The problem - For this exercise, copy the data exactly and omit any images.

Source material -
------------------------

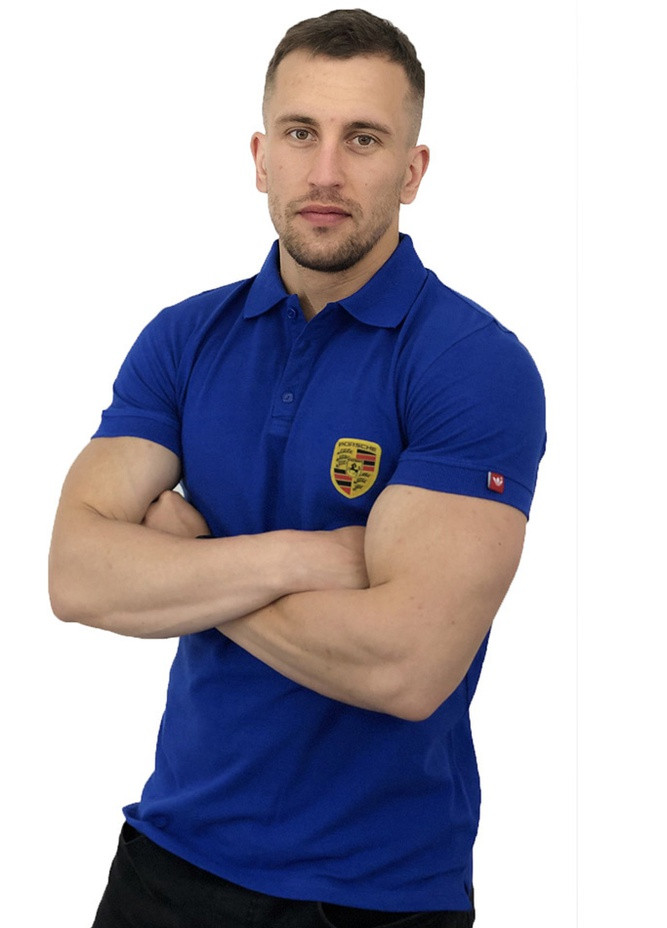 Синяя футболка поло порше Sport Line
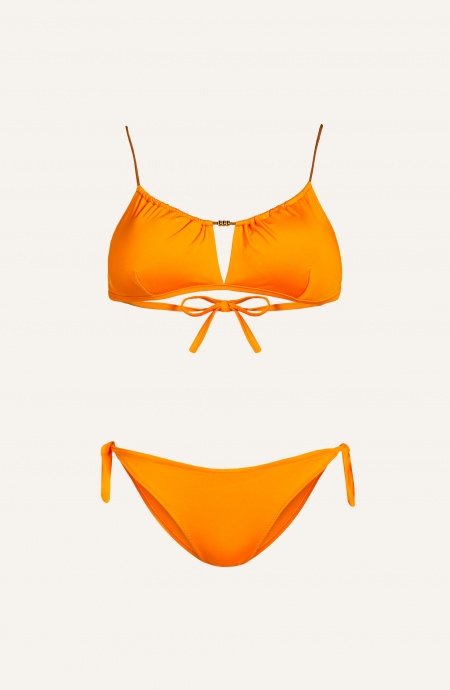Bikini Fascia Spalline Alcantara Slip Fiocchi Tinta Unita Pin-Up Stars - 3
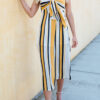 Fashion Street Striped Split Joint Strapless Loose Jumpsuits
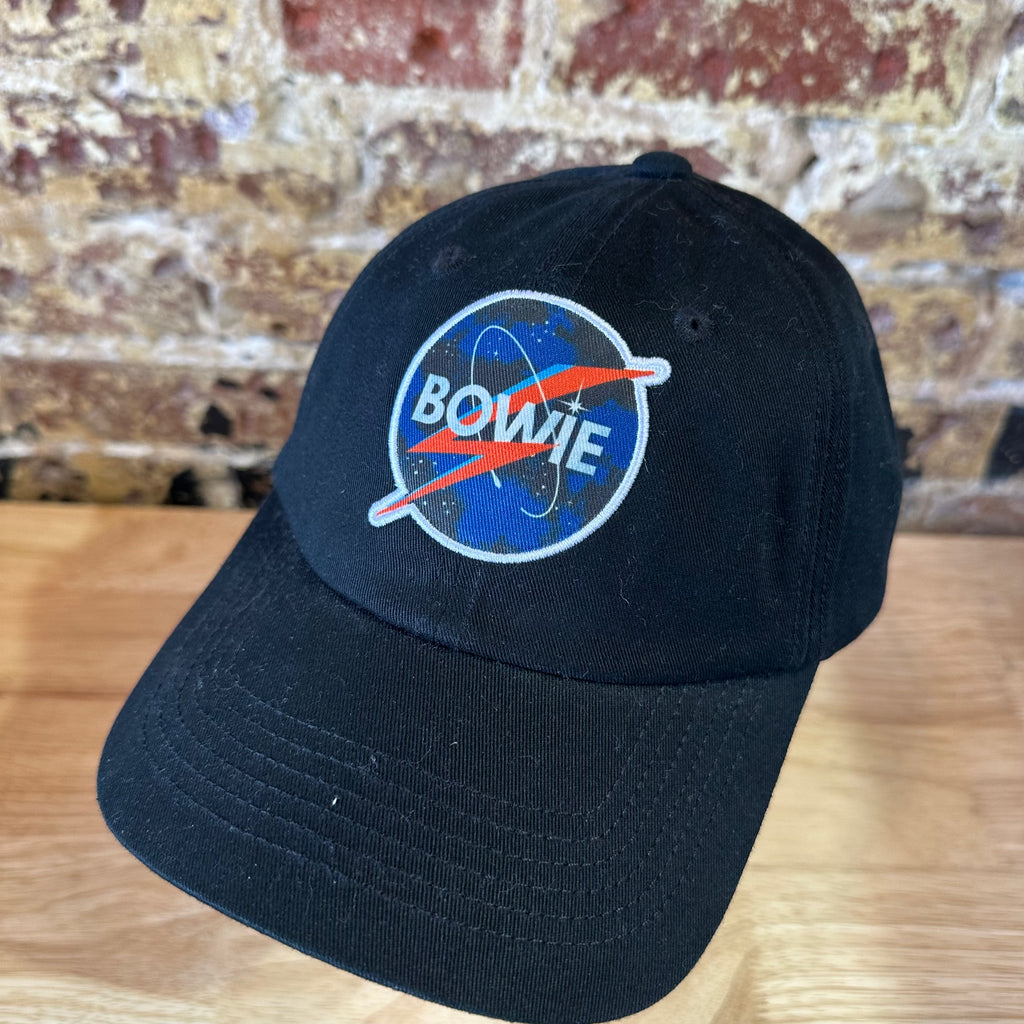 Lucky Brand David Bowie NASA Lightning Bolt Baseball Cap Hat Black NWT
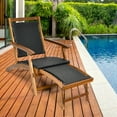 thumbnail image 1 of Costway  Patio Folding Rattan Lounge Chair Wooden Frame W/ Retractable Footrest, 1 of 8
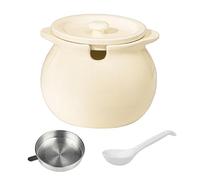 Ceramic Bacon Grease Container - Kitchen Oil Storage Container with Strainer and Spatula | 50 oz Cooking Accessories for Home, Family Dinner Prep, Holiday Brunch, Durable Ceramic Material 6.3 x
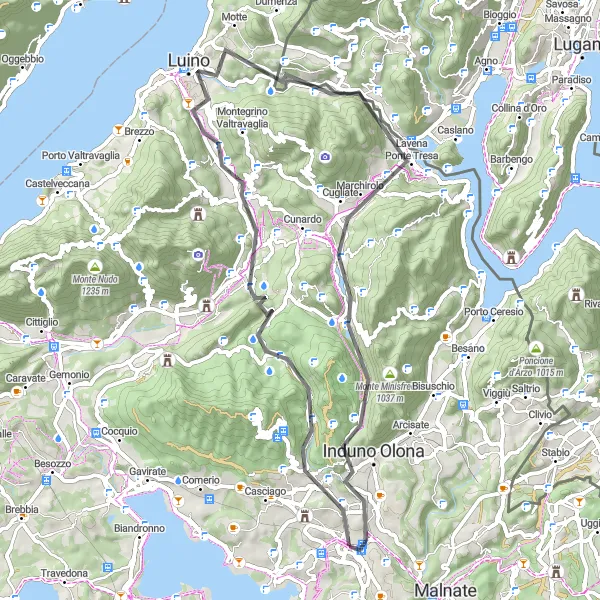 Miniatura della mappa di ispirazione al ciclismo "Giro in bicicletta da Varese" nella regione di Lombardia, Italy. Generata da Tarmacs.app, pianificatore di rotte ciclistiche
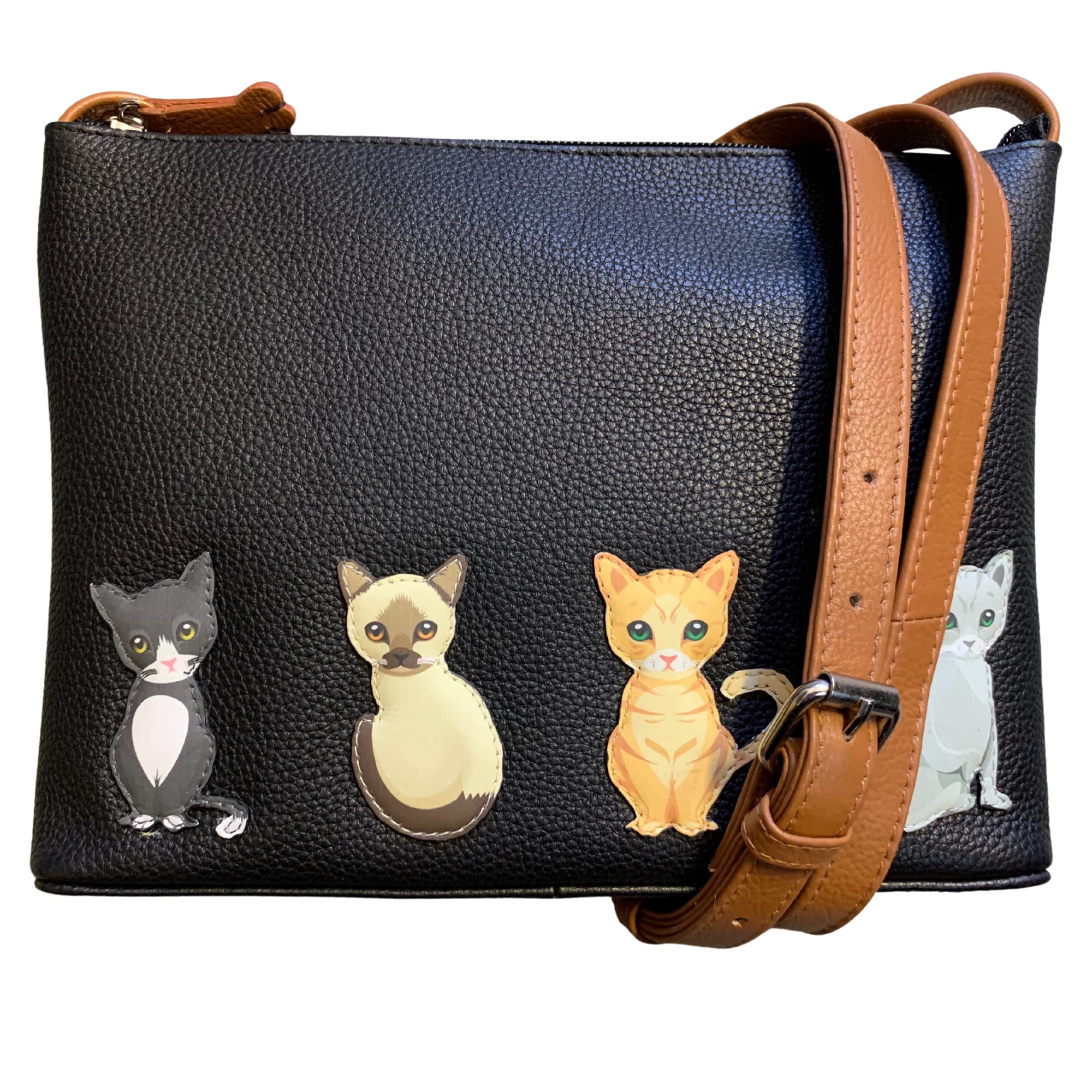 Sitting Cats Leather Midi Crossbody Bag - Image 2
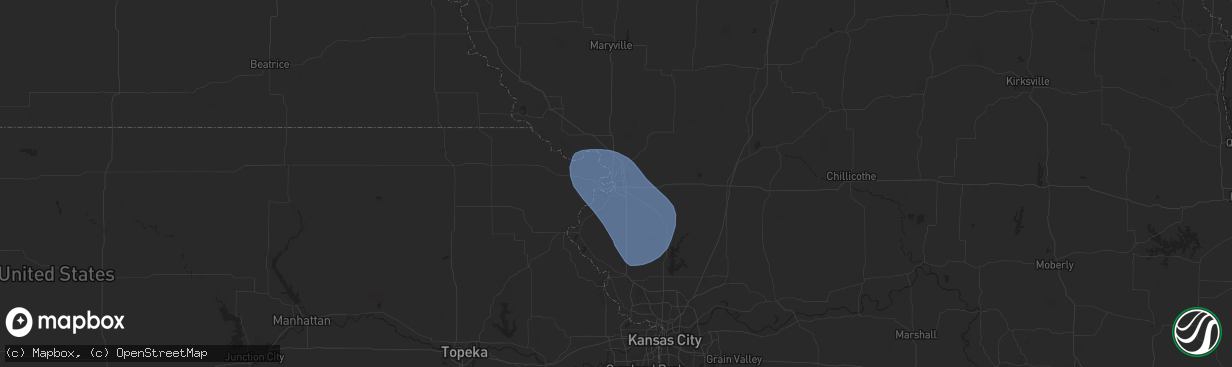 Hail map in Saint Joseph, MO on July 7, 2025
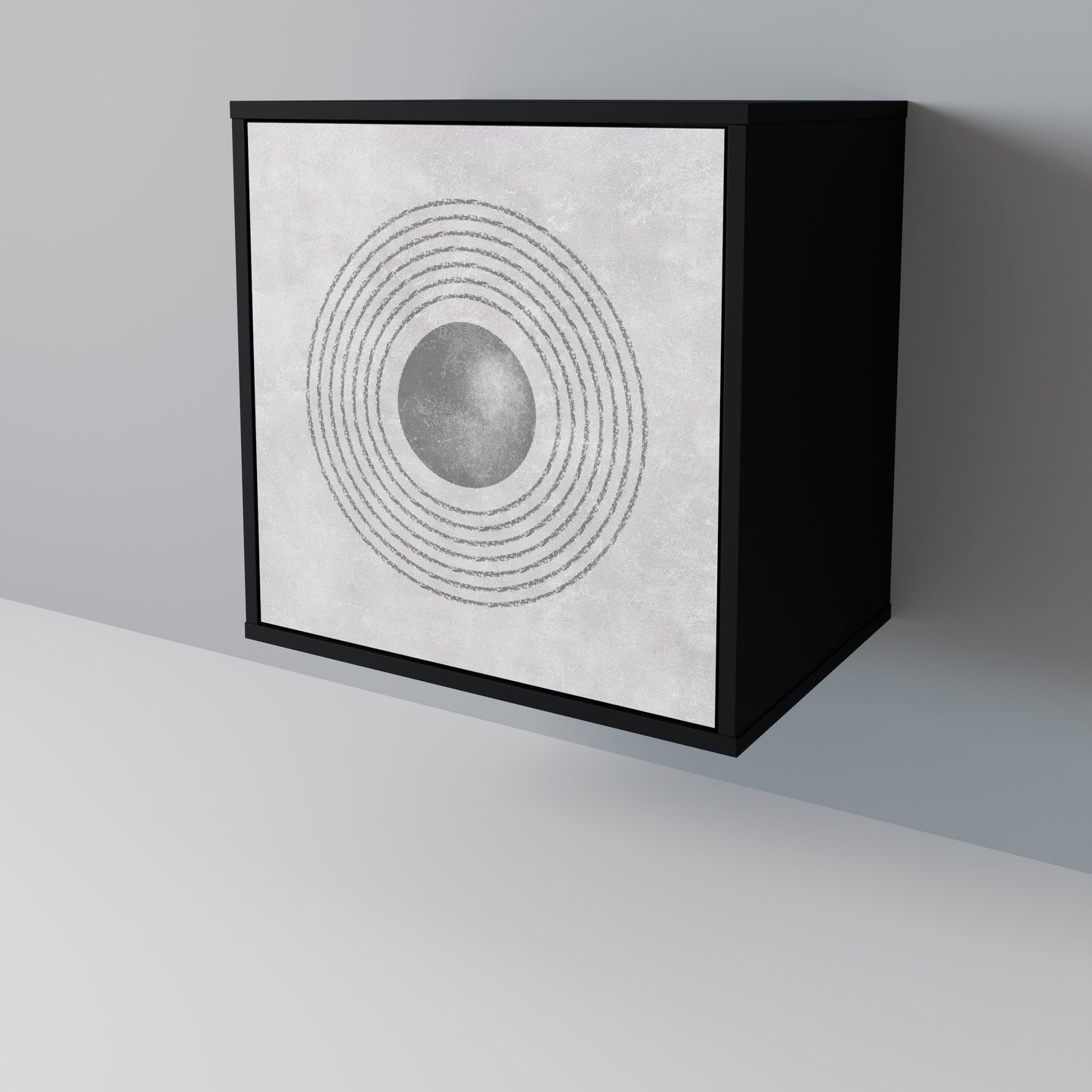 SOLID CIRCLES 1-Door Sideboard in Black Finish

------------------------

Response area -
 Синяя футболка поло порше Sport Line
Bikini Fascia Spalline Alcantara Slip Fiocchi Tinta Unita Pin-Up Stars - 3
 Fashion Street Striped Split Joint Strapless Loose Jumpsuits
 Lucky Brand David Bowie NASA Lightning Bolt Baseball Cap Hat Black NWT
 thumbnail image 1 of Costway  Patio Folding Rattan Lounge Chair Wooden Frame W/ Retractable Footrest, 1 of 8
 Ceramic Bacon Grease Container - Kitchen Oil Storage Container with Strainer and Spatula | 50 oz Cooking Accessories for Home, Family Dinner Prep, Holiday Brunch, Durable Ceramic Material 6.3 x
 Miniatura della mappa di ispirazione al ciclismo "Giro in bicicletta da Varese" nella regione di Lombardia, Italy. Generata da Tarmacs.app, pianificatore di rotte ciclistiche
 Sitting Cats Leather Midi Crossbody Bag - Image 2
 Hail map in Saint Joseph, MO on July 7, 2025
 SOLID CIRCLES 1-Door Sideboard in Black Finish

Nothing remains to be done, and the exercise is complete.